## HOW TO COMPLETE THIS TASK
Looking at the entries, how many lines hold the word "Sunscreen"? State the number by itself.

## TASK INPUT

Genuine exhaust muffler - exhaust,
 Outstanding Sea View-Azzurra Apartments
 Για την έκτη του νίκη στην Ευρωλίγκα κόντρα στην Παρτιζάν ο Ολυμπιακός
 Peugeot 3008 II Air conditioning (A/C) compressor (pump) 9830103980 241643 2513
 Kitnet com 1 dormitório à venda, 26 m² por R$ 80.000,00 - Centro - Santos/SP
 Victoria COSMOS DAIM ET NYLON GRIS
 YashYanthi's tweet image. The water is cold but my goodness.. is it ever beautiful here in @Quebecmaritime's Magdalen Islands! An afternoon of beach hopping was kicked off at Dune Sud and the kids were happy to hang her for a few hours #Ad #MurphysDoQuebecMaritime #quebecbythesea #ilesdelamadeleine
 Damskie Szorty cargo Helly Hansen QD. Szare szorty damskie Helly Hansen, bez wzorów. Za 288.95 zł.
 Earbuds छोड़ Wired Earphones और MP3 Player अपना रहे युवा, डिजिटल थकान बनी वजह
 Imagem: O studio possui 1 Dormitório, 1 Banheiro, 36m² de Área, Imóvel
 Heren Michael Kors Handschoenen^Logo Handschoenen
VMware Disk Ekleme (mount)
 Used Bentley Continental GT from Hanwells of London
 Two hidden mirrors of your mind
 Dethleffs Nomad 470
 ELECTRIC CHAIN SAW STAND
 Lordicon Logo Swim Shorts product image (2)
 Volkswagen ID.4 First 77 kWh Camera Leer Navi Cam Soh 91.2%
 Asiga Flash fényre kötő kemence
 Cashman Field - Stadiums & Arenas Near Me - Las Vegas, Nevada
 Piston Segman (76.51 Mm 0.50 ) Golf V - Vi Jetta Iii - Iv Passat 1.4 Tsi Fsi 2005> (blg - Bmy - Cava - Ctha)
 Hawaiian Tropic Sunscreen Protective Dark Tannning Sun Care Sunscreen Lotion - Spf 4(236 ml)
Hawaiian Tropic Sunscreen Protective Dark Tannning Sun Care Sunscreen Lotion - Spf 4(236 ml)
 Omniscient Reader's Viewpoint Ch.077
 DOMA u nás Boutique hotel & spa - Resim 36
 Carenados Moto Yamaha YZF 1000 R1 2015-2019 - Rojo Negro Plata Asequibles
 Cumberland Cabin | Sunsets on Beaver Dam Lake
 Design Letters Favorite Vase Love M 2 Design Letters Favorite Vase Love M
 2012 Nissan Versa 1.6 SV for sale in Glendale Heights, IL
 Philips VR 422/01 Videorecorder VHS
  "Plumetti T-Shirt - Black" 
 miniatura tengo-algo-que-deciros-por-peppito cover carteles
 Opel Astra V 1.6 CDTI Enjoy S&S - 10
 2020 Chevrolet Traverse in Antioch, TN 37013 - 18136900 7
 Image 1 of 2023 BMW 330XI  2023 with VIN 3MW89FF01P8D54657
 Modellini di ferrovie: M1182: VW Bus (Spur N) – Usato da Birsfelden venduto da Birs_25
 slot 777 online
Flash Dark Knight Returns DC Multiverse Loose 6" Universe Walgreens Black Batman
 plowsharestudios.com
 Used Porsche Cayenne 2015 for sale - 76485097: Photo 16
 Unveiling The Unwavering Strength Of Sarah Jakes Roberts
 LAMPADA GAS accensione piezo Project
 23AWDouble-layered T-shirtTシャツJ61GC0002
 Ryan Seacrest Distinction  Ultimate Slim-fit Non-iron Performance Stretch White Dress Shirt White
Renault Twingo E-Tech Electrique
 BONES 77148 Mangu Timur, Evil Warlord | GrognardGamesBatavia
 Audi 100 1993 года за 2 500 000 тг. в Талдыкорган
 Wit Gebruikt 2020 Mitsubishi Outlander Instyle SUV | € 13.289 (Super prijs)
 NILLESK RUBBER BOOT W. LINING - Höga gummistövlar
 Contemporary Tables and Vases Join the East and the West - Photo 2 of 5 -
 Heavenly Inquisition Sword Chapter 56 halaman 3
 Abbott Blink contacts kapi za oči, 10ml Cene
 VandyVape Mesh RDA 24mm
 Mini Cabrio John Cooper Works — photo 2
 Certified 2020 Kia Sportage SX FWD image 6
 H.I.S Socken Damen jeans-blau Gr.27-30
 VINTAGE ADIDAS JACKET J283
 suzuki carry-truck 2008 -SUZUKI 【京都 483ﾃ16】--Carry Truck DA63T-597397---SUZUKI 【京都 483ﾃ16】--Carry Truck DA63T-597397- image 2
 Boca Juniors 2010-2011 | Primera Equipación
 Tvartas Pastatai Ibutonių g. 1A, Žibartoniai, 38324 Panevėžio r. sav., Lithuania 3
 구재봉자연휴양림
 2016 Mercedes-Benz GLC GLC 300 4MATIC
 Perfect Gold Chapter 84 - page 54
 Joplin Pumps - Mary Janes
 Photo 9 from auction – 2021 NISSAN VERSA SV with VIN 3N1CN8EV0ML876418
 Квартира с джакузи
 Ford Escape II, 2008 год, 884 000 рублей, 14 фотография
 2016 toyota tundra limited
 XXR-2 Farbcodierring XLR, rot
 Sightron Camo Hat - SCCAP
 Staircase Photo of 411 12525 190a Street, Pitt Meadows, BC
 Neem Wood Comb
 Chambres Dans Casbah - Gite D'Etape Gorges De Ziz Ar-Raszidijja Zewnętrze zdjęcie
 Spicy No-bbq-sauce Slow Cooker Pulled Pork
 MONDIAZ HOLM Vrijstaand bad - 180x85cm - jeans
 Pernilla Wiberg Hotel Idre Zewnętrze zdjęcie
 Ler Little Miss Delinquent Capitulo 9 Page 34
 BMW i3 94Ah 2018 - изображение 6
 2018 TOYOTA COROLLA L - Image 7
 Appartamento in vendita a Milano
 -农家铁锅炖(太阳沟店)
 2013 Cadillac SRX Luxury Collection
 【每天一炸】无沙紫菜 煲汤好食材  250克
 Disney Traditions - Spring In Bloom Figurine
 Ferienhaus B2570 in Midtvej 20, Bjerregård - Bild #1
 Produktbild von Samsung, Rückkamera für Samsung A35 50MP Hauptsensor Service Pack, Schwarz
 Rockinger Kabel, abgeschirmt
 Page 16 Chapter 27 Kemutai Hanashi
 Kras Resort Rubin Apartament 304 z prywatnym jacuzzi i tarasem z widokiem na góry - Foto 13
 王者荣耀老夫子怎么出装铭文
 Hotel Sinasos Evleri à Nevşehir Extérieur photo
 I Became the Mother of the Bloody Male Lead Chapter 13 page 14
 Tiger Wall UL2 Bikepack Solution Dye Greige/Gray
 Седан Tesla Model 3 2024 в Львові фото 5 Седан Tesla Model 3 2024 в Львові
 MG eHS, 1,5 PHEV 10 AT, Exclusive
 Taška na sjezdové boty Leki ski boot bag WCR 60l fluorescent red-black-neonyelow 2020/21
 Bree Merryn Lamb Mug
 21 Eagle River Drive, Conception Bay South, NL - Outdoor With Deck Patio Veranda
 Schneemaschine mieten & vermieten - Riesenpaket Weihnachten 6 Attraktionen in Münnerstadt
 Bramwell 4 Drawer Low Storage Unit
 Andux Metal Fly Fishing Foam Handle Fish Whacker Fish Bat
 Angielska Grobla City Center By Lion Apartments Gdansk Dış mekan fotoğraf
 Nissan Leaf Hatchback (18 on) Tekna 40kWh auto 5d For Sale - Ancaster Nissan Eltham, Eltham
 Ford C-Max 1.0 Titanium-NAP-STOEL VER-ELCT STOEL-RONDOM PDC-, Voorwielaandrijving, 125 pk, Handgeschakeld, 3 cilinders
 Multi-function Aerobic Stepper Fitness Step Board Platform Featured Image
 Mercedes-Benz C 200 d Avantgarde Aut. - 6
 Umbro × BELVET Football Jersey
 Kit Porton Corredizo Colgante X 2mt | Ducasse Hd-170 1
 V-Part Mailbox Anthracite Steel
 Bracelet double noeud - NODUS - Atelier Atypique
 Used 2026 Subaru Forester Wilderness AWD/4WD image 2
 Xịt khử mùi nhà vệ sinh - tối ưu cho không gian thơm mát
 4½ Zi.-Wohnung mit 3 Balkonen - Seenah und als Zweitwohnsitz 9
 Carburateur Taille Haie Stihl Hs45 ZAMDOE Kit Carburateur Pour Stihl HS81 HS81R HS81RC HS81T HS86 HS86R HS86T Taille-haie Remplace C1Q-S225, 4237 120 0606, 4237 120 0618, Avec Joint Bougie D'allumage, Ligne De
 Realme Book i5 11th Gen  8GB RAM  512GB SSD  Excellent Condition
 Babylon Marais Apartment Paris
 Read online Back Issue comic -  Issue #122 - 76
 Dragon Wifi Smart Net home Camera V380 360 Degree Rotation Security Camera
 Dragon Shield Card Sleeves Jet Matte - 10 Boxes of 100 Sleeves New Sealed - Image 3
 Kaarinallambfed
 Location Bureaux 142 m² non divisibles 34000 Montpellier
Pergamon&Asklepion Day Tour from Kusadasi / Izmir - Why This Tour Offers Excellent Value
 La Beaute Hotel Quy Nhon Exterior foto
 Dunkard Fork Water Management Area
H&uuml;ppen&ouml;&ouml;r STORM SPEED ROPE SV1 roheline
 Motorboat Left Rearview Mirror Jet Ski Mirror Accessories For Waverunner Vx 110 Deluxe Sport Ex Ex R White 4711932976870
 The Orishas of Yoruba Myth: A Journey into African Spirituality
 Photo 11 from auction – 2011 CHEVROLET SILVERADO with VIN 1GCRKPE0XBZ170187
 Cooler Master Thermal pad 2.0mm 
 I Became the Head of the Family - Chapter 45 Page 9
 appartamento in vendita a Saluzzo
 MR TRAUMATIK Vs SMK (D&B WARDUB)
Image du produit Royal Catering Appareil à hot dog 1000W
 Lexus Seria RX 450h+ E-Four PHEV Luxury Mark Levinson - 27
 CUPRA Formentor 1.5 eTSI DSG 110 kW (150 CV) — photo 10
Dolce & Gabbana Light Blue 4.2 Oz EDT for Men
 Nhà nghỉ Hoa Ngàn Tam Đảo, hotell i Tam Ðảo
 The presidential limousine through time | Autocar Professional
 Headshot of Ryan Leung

## YOUR RESPONSE
2